[Opening TASK INPUTS section]

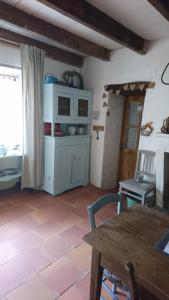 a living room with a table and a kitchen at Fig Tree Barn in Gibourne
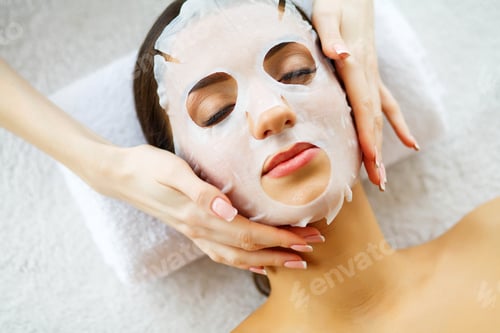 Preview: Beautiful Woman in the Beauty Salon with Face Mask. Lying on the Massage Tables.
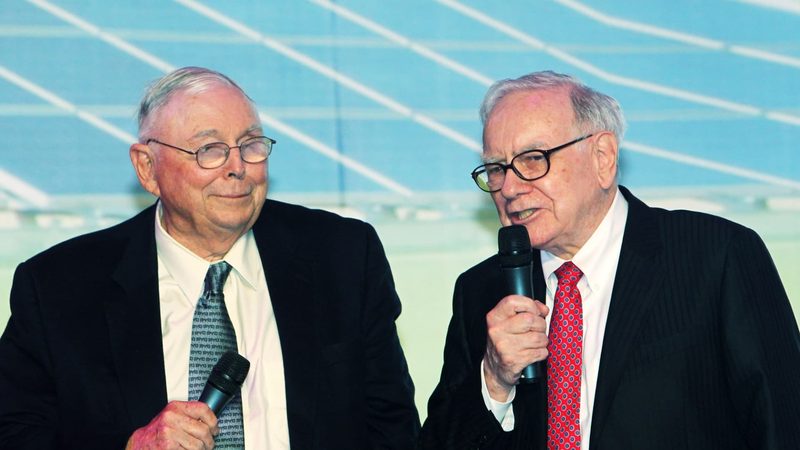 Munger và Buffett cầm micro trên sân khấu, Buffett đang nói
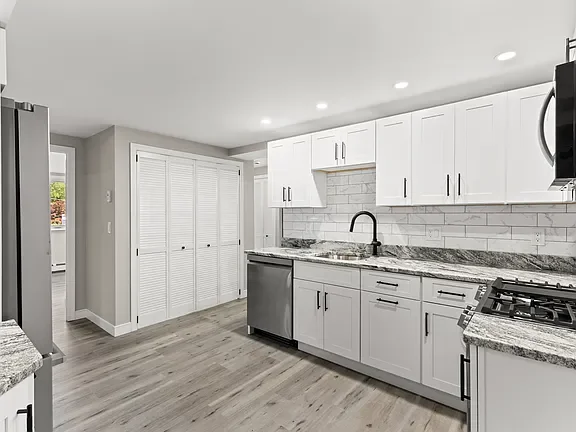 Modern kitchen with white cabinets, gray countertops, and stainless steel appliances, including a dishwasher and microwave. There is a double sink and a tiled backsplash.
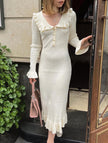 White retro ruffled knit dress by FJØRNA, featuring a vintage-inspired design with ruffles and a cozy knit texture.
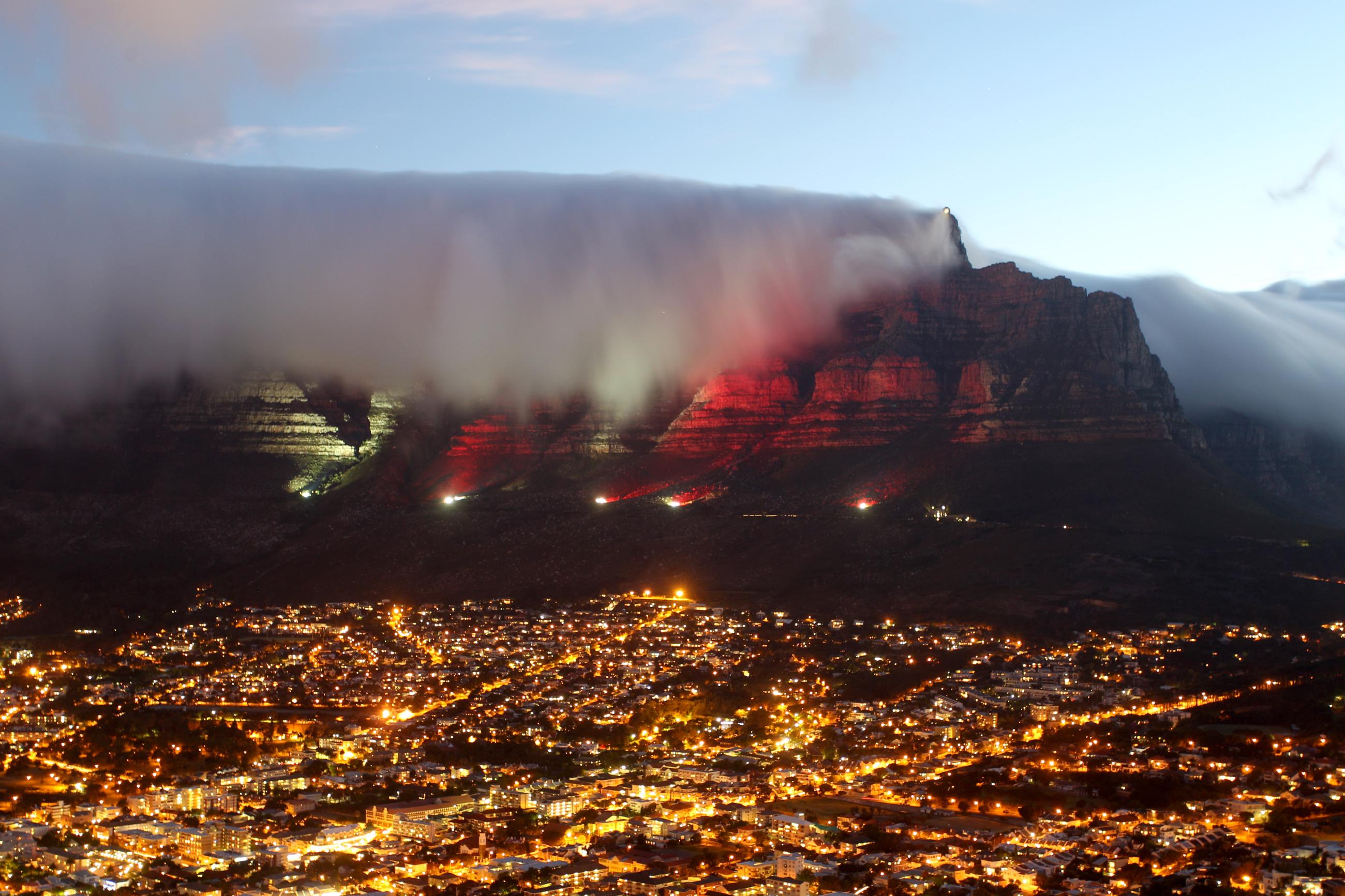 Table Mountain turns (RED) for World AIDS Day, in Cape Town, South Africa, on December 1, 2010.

[Closing TASK INPUTS section]

Reproduce the entries exactly, from the line with "Preview: Beautiful Woman" to the line with "Modern kitchen with", both lines included, keeping no pictures.

 Preview: Beautiful Woman in the Beauty Salon with Face Mask. Lying on the Massage Tables.
 Munger và Buffett cầm micro trên sân khấu, Buffett đang nói
 Modern kitchen with white cabinets, gray countertops, and stainless steel appliances, including a dishwasher and microwave. There is a double sink and a tiled backsplash.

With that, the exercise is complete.